Blurbmania

So first up, regular readers — yes, that means you mum — will have noticed that I haven’t been updating much recently. Been working my ass off, is why. Not my actual ass, mind, just my literary ass. My editing ass and my writing ass. My literary ass is in pretty good shape right now! Tight! I’m going to get back to nearly daily posts here soon, promise.

In the meantime, here’s three things that I have come across recently about blurbs. You know, those juicy little quotes from authors, promoting other authors. First up, Rebecca Johnson in Salon, sharing about her blurb-hunting woes. Choice quote: Johnson spots a potential target at a party and sidles up to her, intent on extracting a blurb.

“Hi,” I said a little too brightly. Was it my imagination, or was she already moving away from me? After a few forced pleasantries, I brought up the book and asked if she might be willing to read it. The expression on her face — part horror, part sneer — was exactly what I would have expected had I released a large fart and asked what she thought of it.

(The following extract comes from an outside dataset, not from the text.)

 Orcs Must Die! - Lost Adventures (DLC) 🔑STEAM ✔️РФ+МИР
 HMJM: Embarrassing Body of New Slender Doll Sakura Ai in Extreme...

Then there’s Rachel Donadio in the New York Times, talking about a company that intends to sell blurbs. Oh, the horror! Donadio talks about “blurbing up” (Rick Moody on William Gaddis), “blurbing down” (famous writers endorsing students) and “blurbing the safely dead” (young neophytes attaching their names to prestigious classic authors).

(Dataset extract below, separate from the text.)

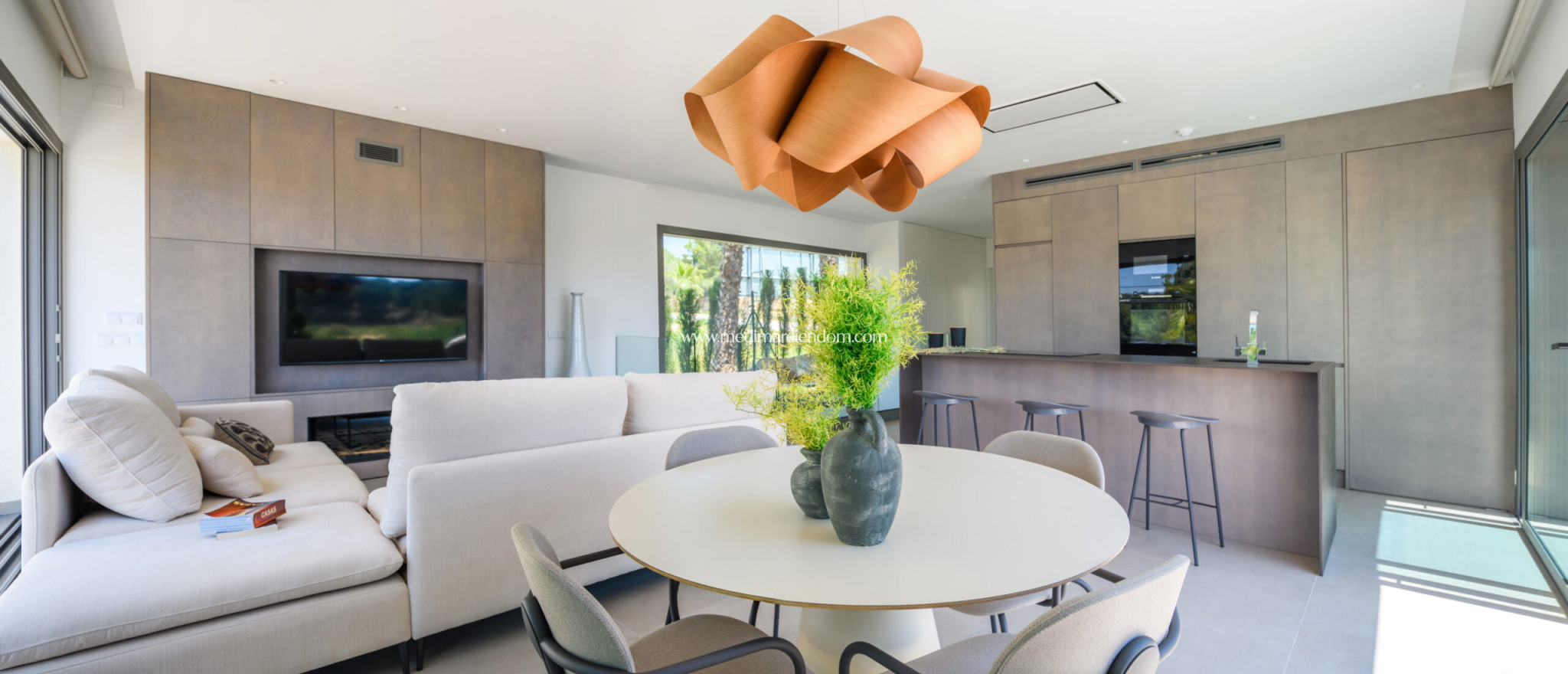 Nouvelle Construction - Villa - Las Colinas Golf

Then there’s the great churning mass of lateral blurbing, where patterns are harder to discern and dangerous rivalries might lurk, with hard feelings existing among the blurbers themselves.

Finally, agent Nathan Bransford, whose blog I have come to truly appreciate, writes about blurbs in query letters. Bransford has a four tier system for assessing a blatent blurb. Read his post for more.

The general consensus seems to be that blurbs do not actually matter too much, unless they are particularly super-duper. One of my coaching clients, Anita Naughton, was blurbed by Tina Brown, Oliver Sacks and Sandra Bernhard. That’s pretty super-duper. Her book sold out three print runs. I’m not saying it was the blurbs that did it — the book happens to be funny, moving, and brilliantly written. It sold on its own worth. But if you have contacts like Anita did, and can work them, it can’t hurt.